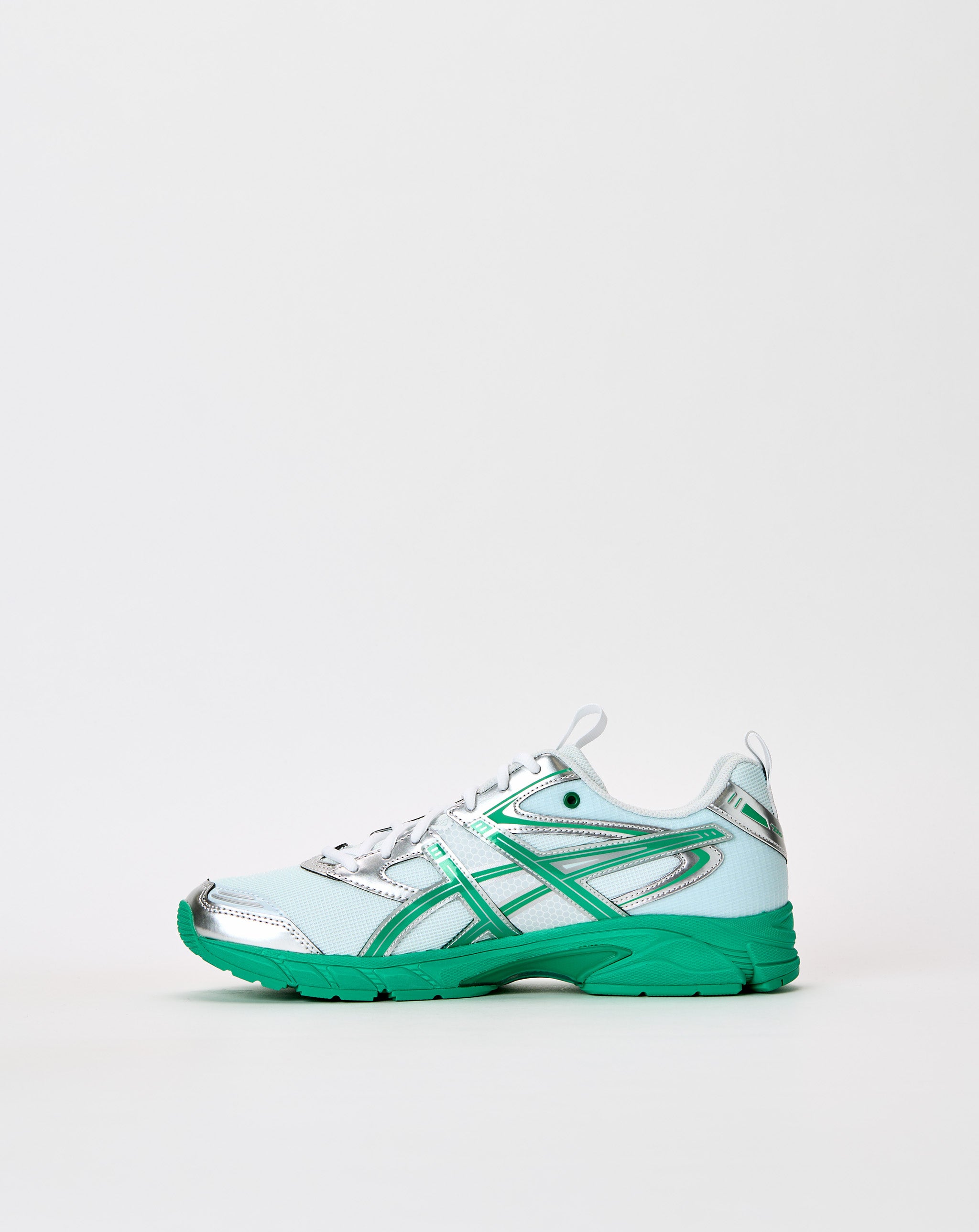 asics Gel-DS Trainer 14 - Cheap Erlebniswelt-fliegenfischen Jordan outlet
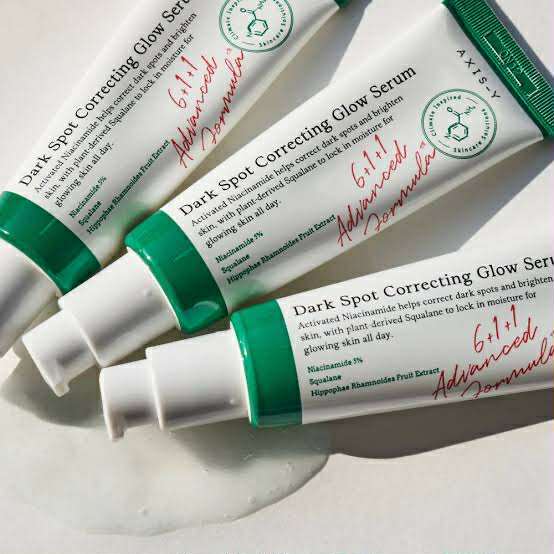 AXIS-Y%20Dark%20Spot%20Correcting%20Glow%20Serum%2050ml%20-%20Image%203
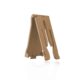 SYSTEME D’ATTACHE TYPE MOLLE FDE - Vue 1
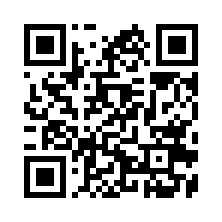 QR Code for 1Ee5dSC1vFDdvZ9RkPmZYSbmAeGT7JRkQR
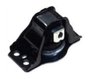 Coxim Do Motor Leopard Parts - Sr09-1731 - Megane 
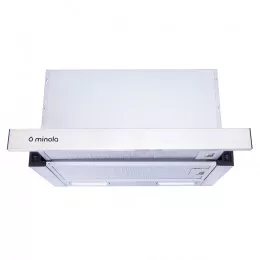 MINOLA HTL 5615 I 1000 LED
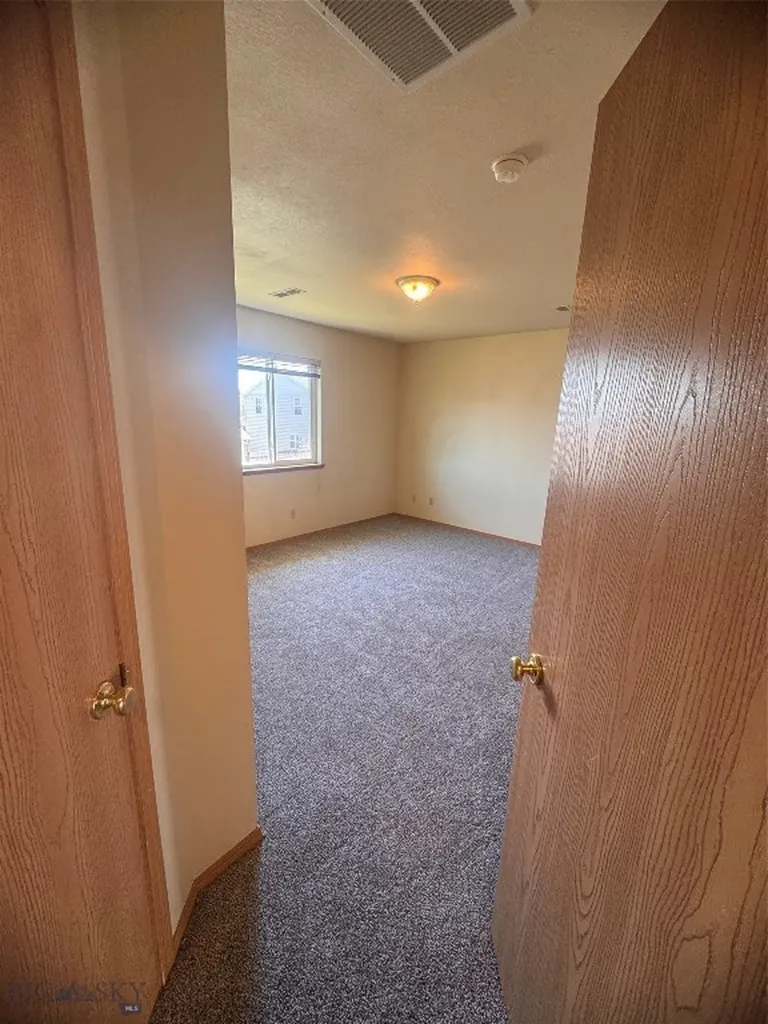 593,595,597,599 West Shore Drive Belgrade MT 59714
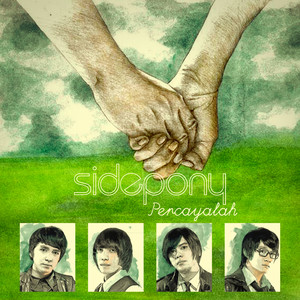 Download Lagu Sidepony - Lebih Berarti MP3 Download Lagu Sidepony - Lebih Berarti MP3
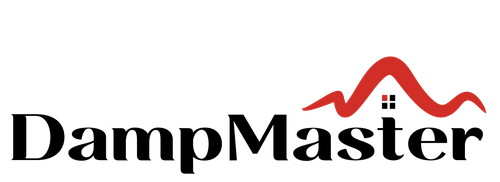 DampMaster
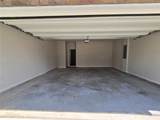 121 Valimar Drive - Photo 20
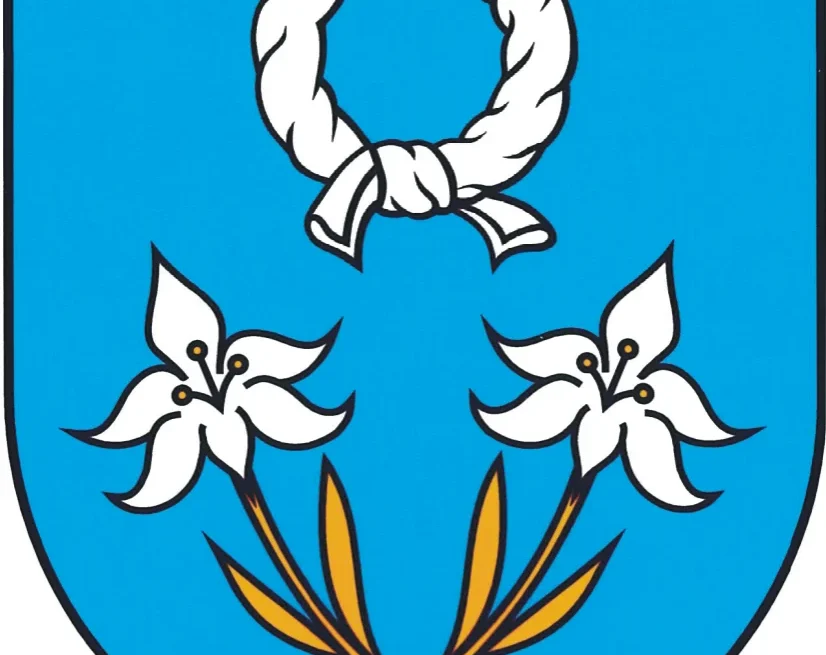 POL_gmina_Lniano_COA Gmina w regionie bez wójta. Sam zrezygnował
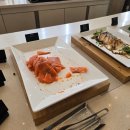CU7번국도점 | 강원도여행) 쏠비치양양 오션플레이 할인, 바다수영, 조식 내돈내산 후기
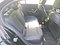 preview Mercedes A-Class #5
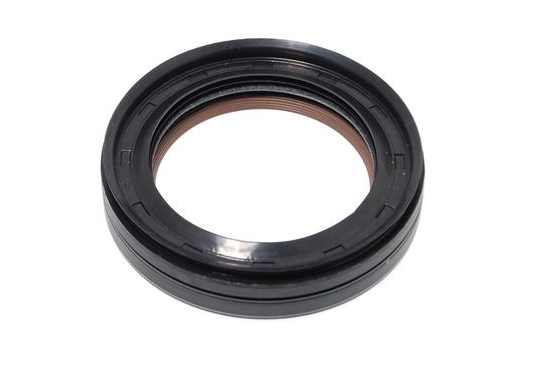 Oil Seal Crankshaft Front 4.4L V8 Petrol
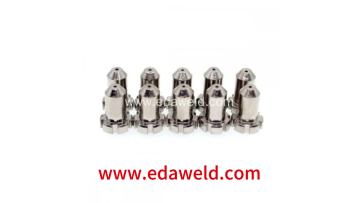 Wearing Parts For Plasma Cutting（3）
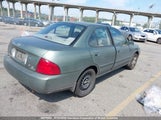 Nissan Sentra 1.8/1.8S 3N1CB51D95L460194 fotografie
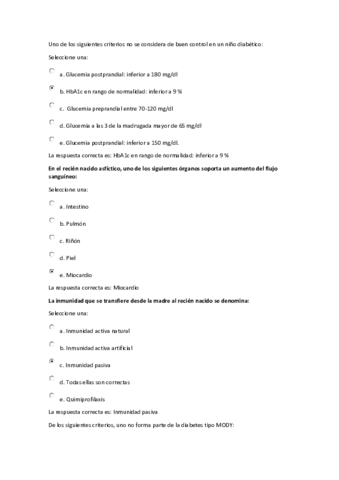 examen-pediatria-2020.pdf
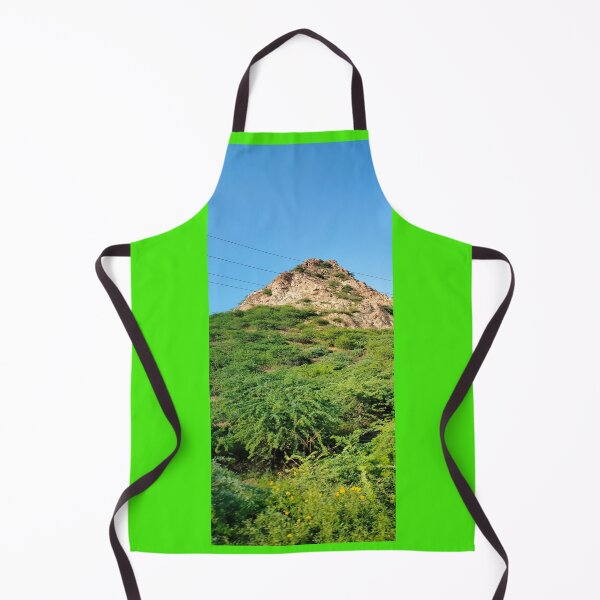 Item preview, Senary of art of nature designed and sold by Devji.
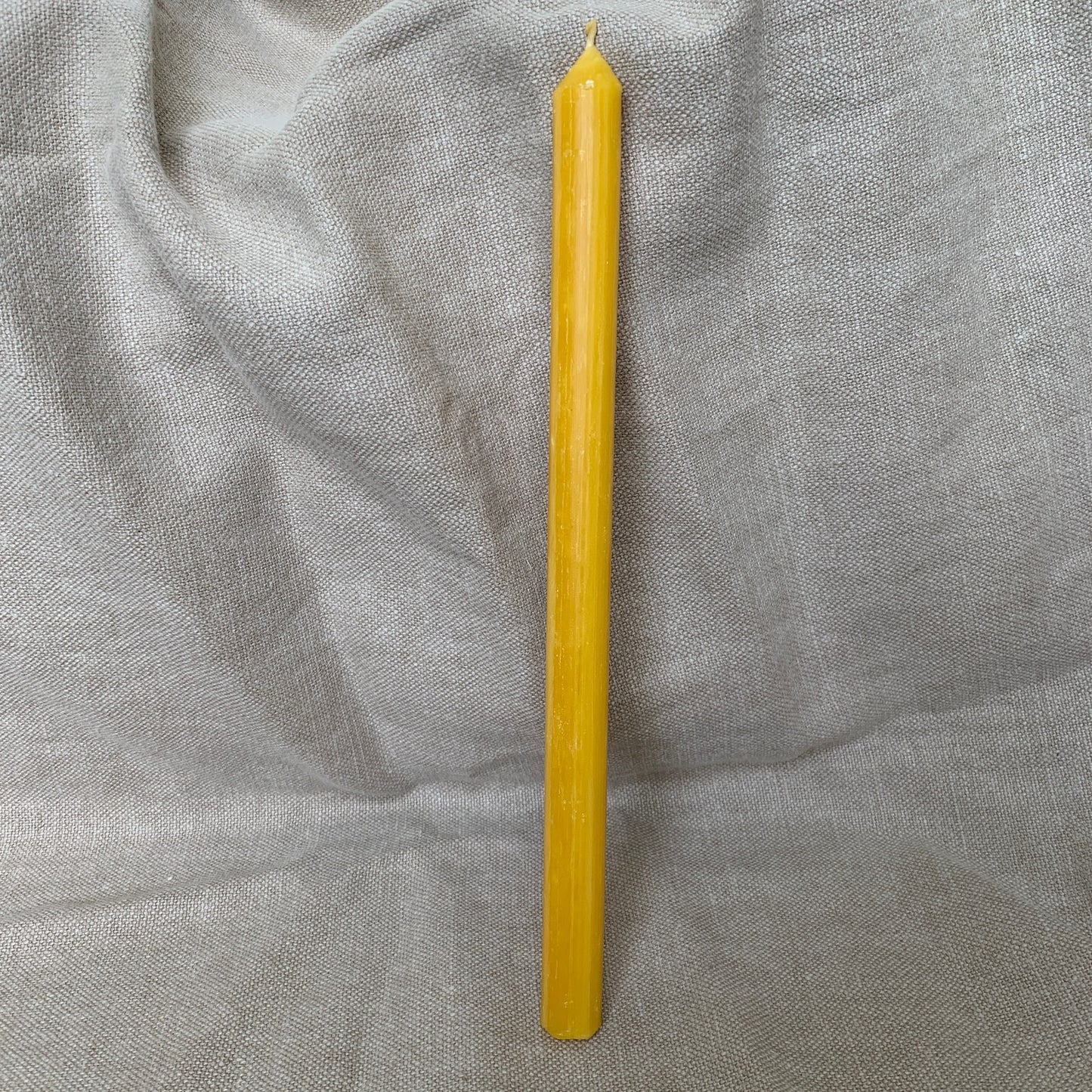 330mm Household Beeswax Candle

━━━━━━

■ What you should do ■
Transcribe, from the records above, the first line and every line after it up to and including the line with "QR Code for"; omit pictures.

■ Solution ■
 asics Gel-DS Trainer 14 - Cheap Erlebniswelt-fliegenfischen Jordan outlet
 AXIS-Y%20Dark%20Spot%20Correcting%20Glow%20Serum%2050ml%20-%20Image%203
 SYSTEME D’ATTACHE TYPE MOLLE FDE - Vue 1
 QR Code for 1Ee5dSC1vFDdvZ9RkPmZYSbmAeGT7JRkQR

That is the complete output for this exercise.